The 7D has a very similar Live View system to the 5D Mark II. If you're new to DSLRs and don't understand the terminology, basically Live View allows you to view the scene in front of you live on the LCD screen, rather than through the traditional optical viewfinder. This is an obvious attraction for compact camera users, who are familiar with holding the camera at arm's length and composing via the LCD screen. It's also appealing to macro shooters, for example, as it's often easier to view the screen than look through the viewfinder when the camera is mounted on a tripod at an awkward angle.

Thankfully Canon have made Live View much easier to actually turn on, with a new dedicated switch and Start/Stop to the right of the optical viewfinder which toggles between the Movie mode and Live View mode. When activated a grid line display and very useful live histogram can be enabled to help with composition and exposure, and you can zoom in by up to 10x magnification of the image displayed on the LCD screen. Focusing is achieved via the AF-On Lock button or the traditional method of half-pressing the shutter-button. Live View can also be controlled remotely using the supplied EOS utility software, which allows you to adjust settings and capture the image from a PC.

The EOS 7D's Live View mode attempts to satisfy both the consumer and more technical user, with three types of focusing system on offer. The first, Quick AF, works by physically flipping the camera mirror to engage the auto-focus sensor, which then momentarily blanks the LCD screen and causes a physical sound, before the image is displayed after about 1 second. The other methods, Live AF and Live AF with Face Detection, use an image contrast auto-focus system, much like that used by point-and shoot compacts, the main benefits being the complete lack of noise during operation, and no LCD blackout. Unfortunately these are much slower than the Quick AF mode, taking over 3 seconds to focus on a clearly-defined subject in bright light, which I think will put off most users that are attracted by the promised point-and-shoot experience. On a more positive note, you can move the AF point around the screen, and the 7D I successfully detected faces in most situations.

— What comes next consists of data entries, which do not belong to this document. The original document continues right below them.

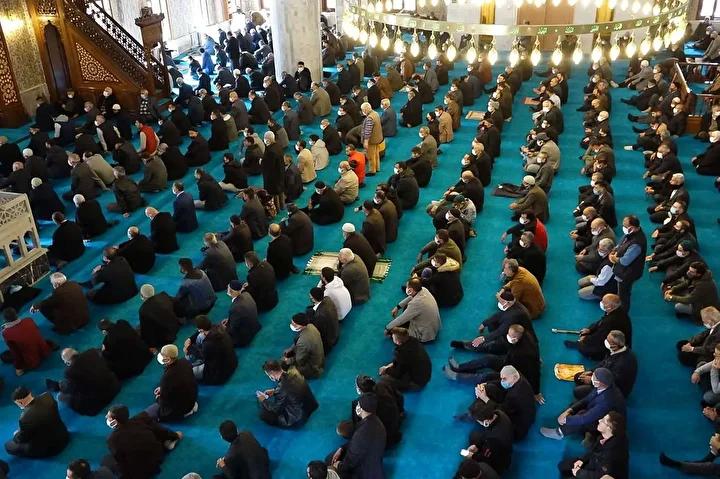 İstanbul'da Kış Dönemi Sabah Ezani ve Namaz Saatleri Güncellemesi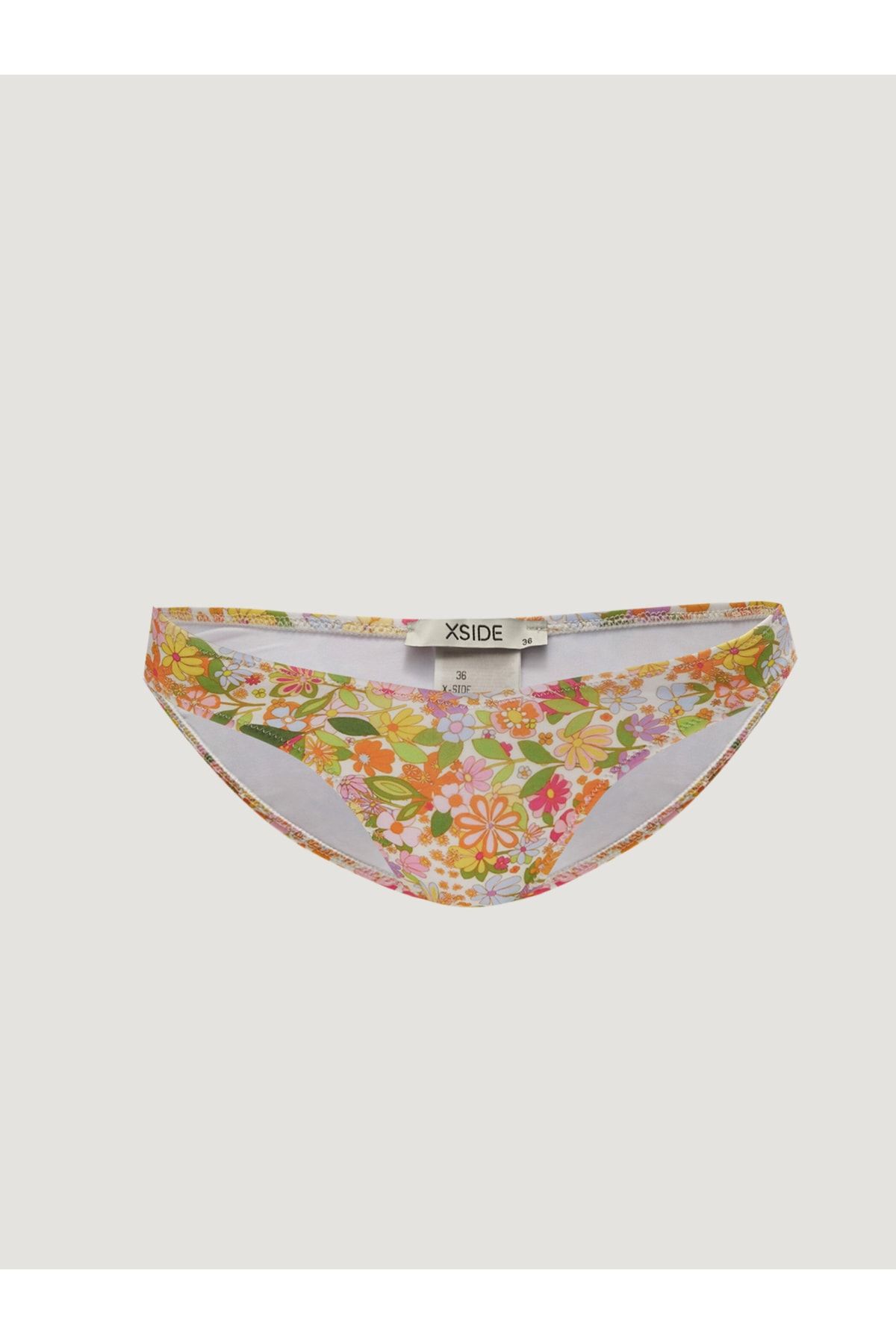 LC Waikiki Dół Bikini W Kwiaty Kobieta - 44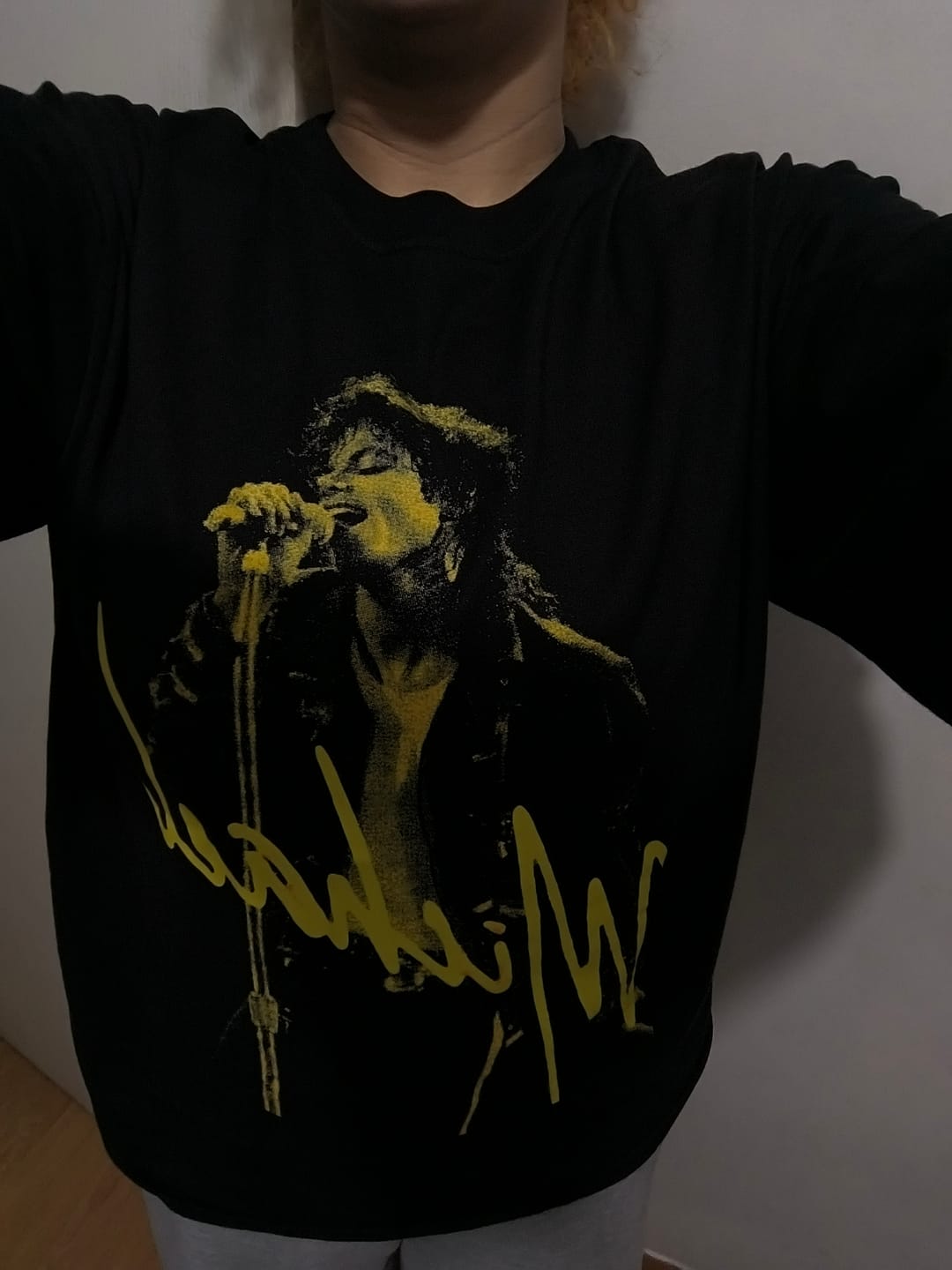 Customer photo review of MJ Yellow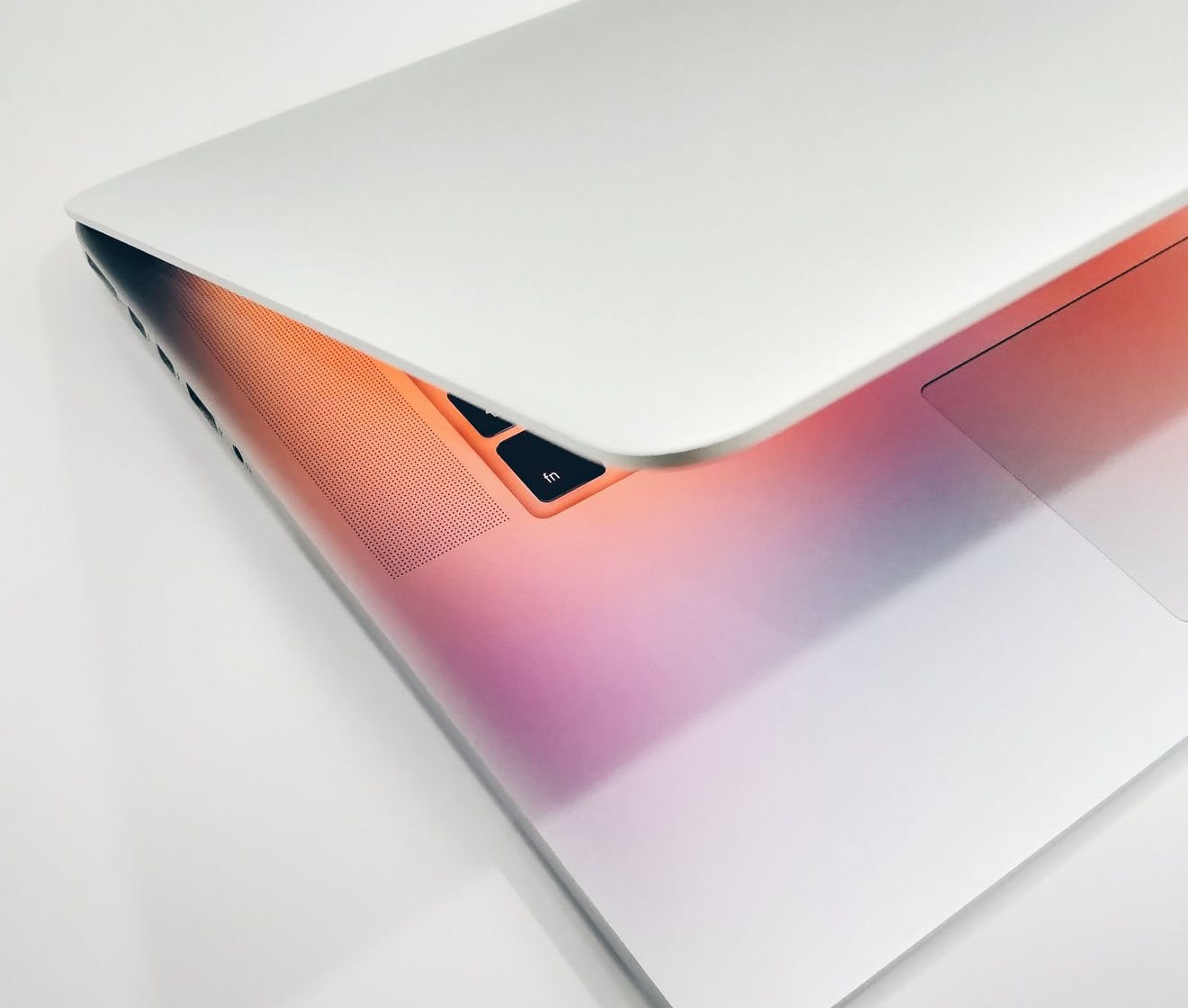 Website design red cover (Demo)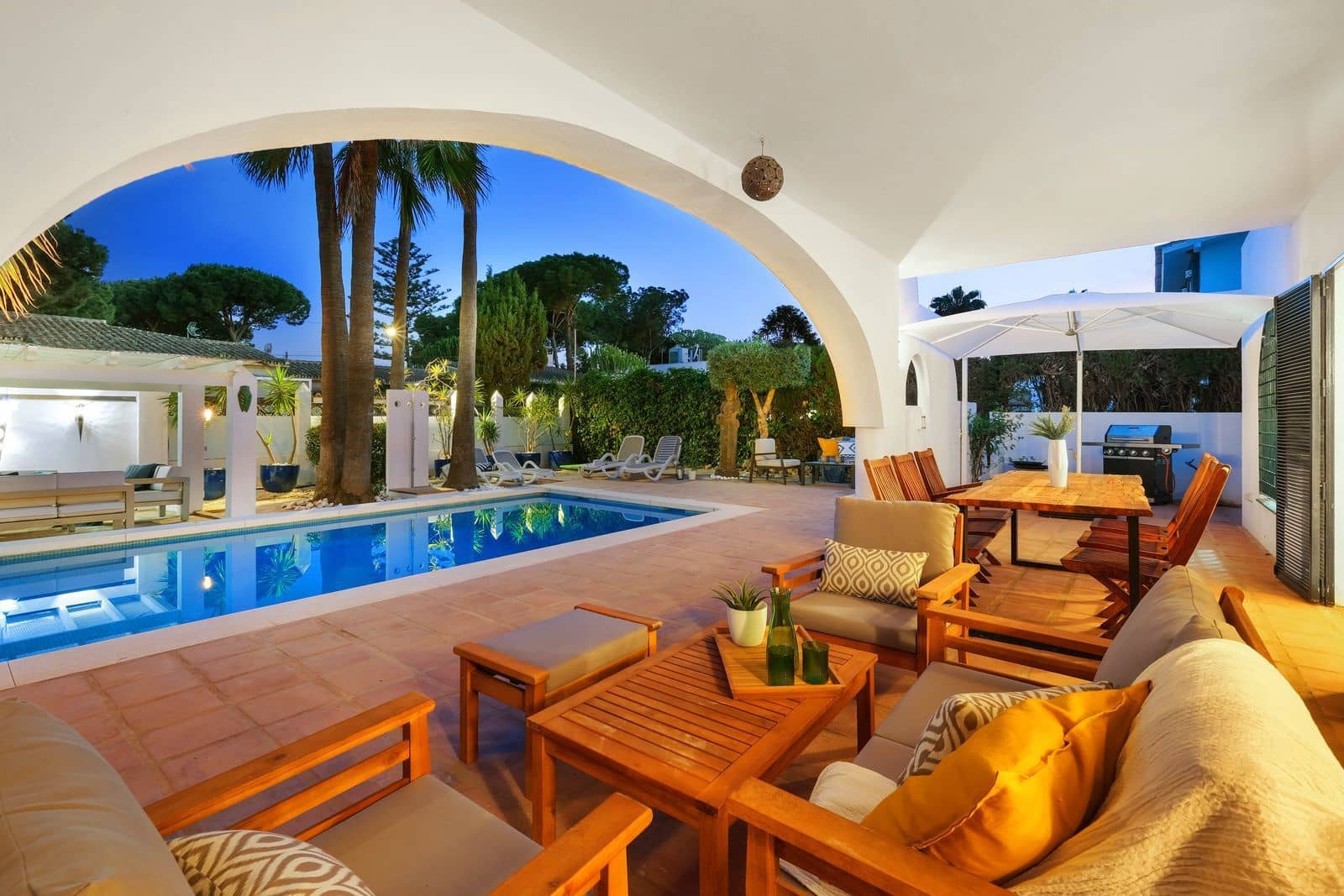 4 slaapkamer Villa te koop in Marbella - € 1.649.000 (Ref: 9921214)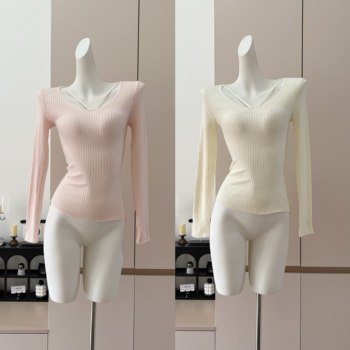 Inner Knitted Base Layer Shirt for Women in Autumn and Winter, Pure and Sexy Pink Slim-Fit Long-Sleeved Top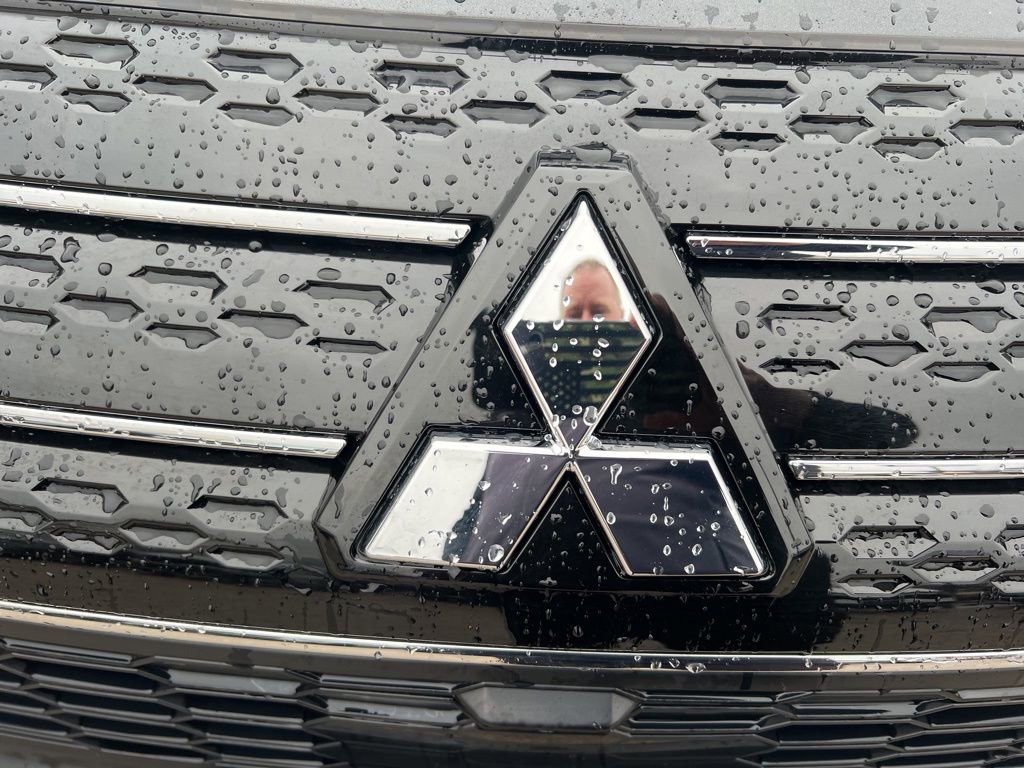Used 2024 Mitsubishi Outlander SE image 30
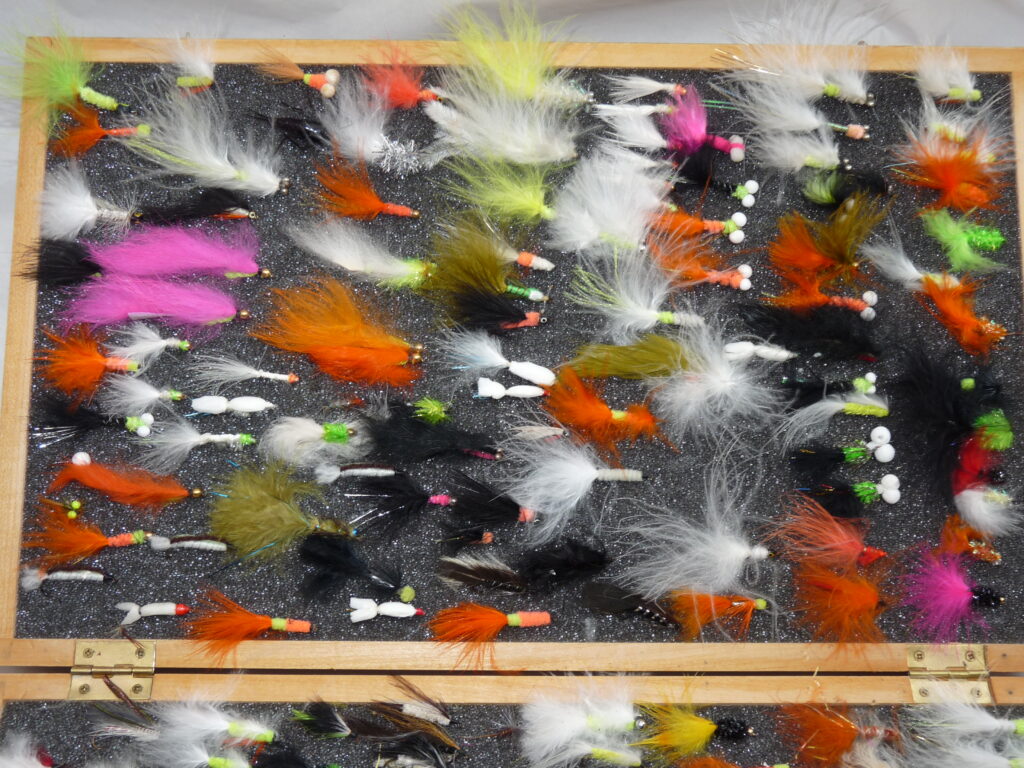 Large wooden fly reservoir, trout lures, gold, polyheads, Marabou - Image 2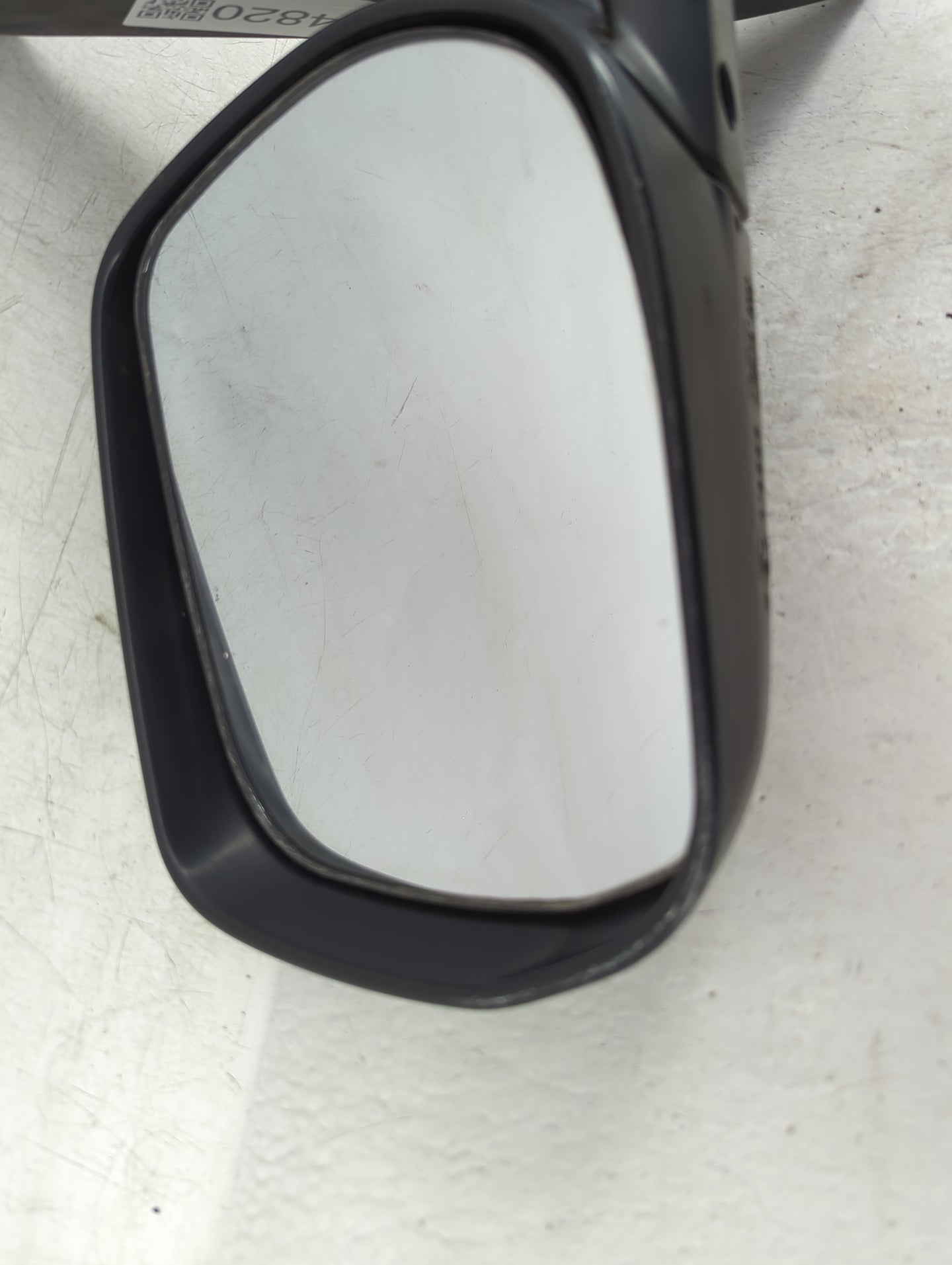 2004-2005 Toyota Rav4 Driver Side View Mirror - Left Door Mirror OEM Used - Oemusedautoparts1.com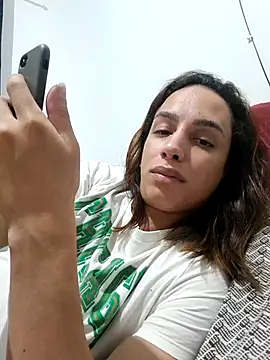 ofjuliaa online show from April 12, 7:11 am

Live View is also used for the 7D's movie mode. The 7D supports full 1080p HD - it can record high-definition, wide-screen video in 1920 x 1080 pixel resolution, at a frame rate of 24fps, in the Quicktime MOV format using the H.264 codec. The maximum size of a single video clip is either 4 gigabytes or one second below 30 minutes. You can also take either single or continuous stills during recording, with video capture continuing after the final still frame has been taken. Audio is recorded in linear PCM format without any compression. There's a built-in microphone on the front of the camera for mono recording, and also a socket on the side for connecting an external stereo microphone. It also has an HDMI port for playing back 1920 x 1080 still images on a HD TV. It uses the industry-standard HDMI mini-out connection, but note that you'll need to purchase a suitable cable separately. You can also still connect the 7D to a standard TV set via NTSC/PAL. The new Movie switch/button combination makes it a one-touch process to begin recording, a big improvement on the 5D Mark II's convoluted system.

There are, however, some notable drawbacks to the Canon EOS 5D Mark II's video mode. Although you can autofocus during movie recording, the camera uses the painfully slow contrast-AF mode, and even the user guide warns against trying to auto-focus "since it might momentarily throw the focus way off or change the exposure". Focusing manually is a much better idea, although most AF lenses have MF rings with very little 'travel' between their close-focus point and infinity, and in a quiet environment it's also possible to hear the sound of the focusing ring. You can set the aperture and shutter speed when shooting movies, but only both at the same time with the Mode Dial set to M (Manual). You can't set the aperture and let the camera set the shutter speed, or vice versa, so you either have to be confident setting both values or rely on the camera's auto-exposure system while filming. Exposure compensation and AE-Lock can, thankfully, both be used.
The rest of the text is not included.